Ms Martin said the decision demonstrates how easy it is for food companies to get away with marketing their unhealthy products to children.
“Kellogg’s claimed its promotion wasn’t directed primarily to children. But tell me, what fully grown adult gets excited about winning crayons through colouring-in activities on cereal and lunch box snack products? Kellogg’s is clearly exploiting the appeal this sort of activity has for young children.”
Details of the complaint and decision
The advertisement consisted of a Kellogg’s ‘Colour & Win’ website, together with special packs of Kellogg’s cereals and snack bars, a promotion in conjunction with Crayola.
Kellogg’s designed special black and white packs of popular products, including Coco Pops and LCM Split Stix, encouraging people to colour in the characters on the front and back of the pack. Customers were then invited to visit the Kellogg’s website to enter a competition to win Crayola products. The website also had an augmented reality function, allowing users to bring their coloured image to life.
The complaint was dismissed, despite the Panel acknowledging that the overall theme, being a colouring in competition that features images that can be brought to life using an app, was appealing to children under 12.
Ms Martin said this case exposes just how narrow the interpretation of ‘directed primarily to children’ is and on a larger scale, how these self-regulatory codes fail to protect children from exposure to junk food marketing.
“These flawed codes are ineffective when it comes to shielding children from this type of packaging and promotion, and the food industry knows it. Companies continue to exploit this loophole by plastering their packaging with promotions that they know will appeal to children.”

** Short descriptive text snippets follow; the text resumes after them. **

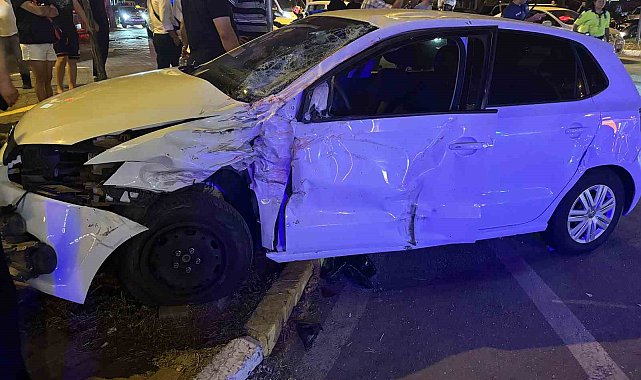 Edirne'de otomobil ile kamyonet çarpıştı: 3 yaralı
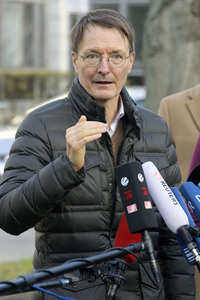 Pressestatement vor der Charité in Berlin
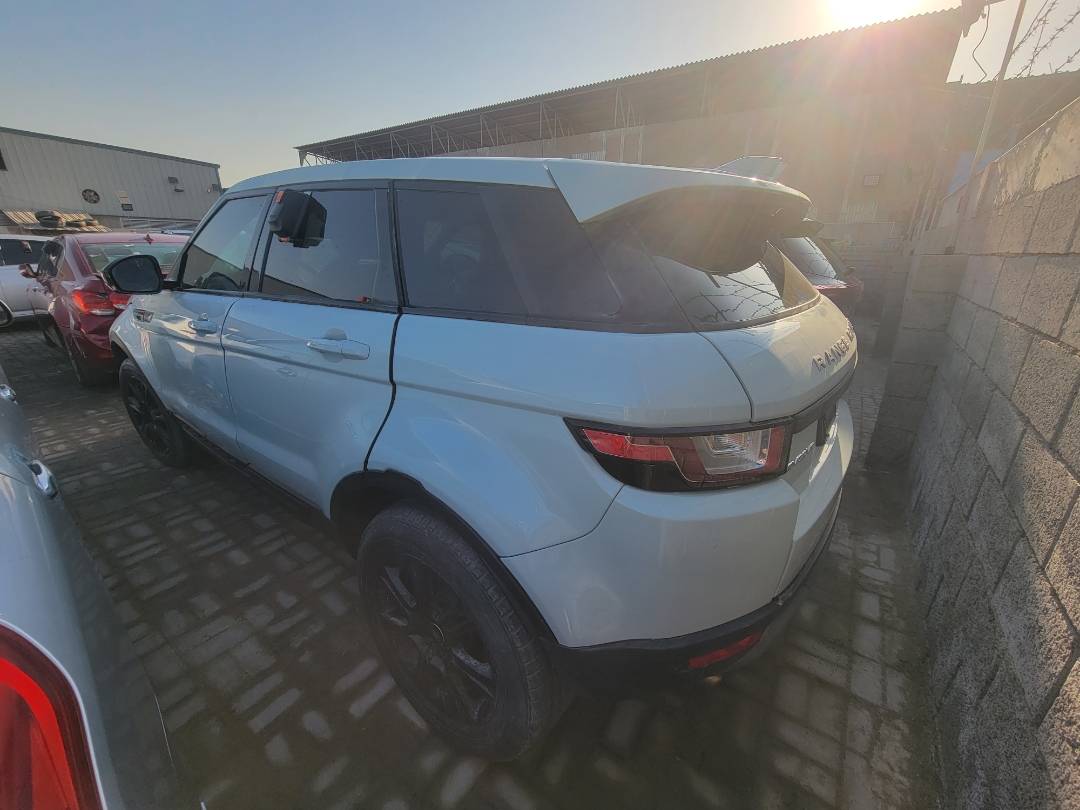 2016 LAND ROVER RANGE ROVER EVOQUE — 92140 Miles — Lot 158474 — Souq - Marhaba Auctions Used Cars - Image 5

“It’s naïve to entrust our children’s health to the same companies that are actively encouraging them to consume unhealthy foods. The end goal of the food industry will always be to make more profit.”
“We’ve had these self-regulated codes long enough to know they are not working. It’s time for government to take control and support parents to raise healthy children, free from manipulative junk food marketing,” Ms Martin said.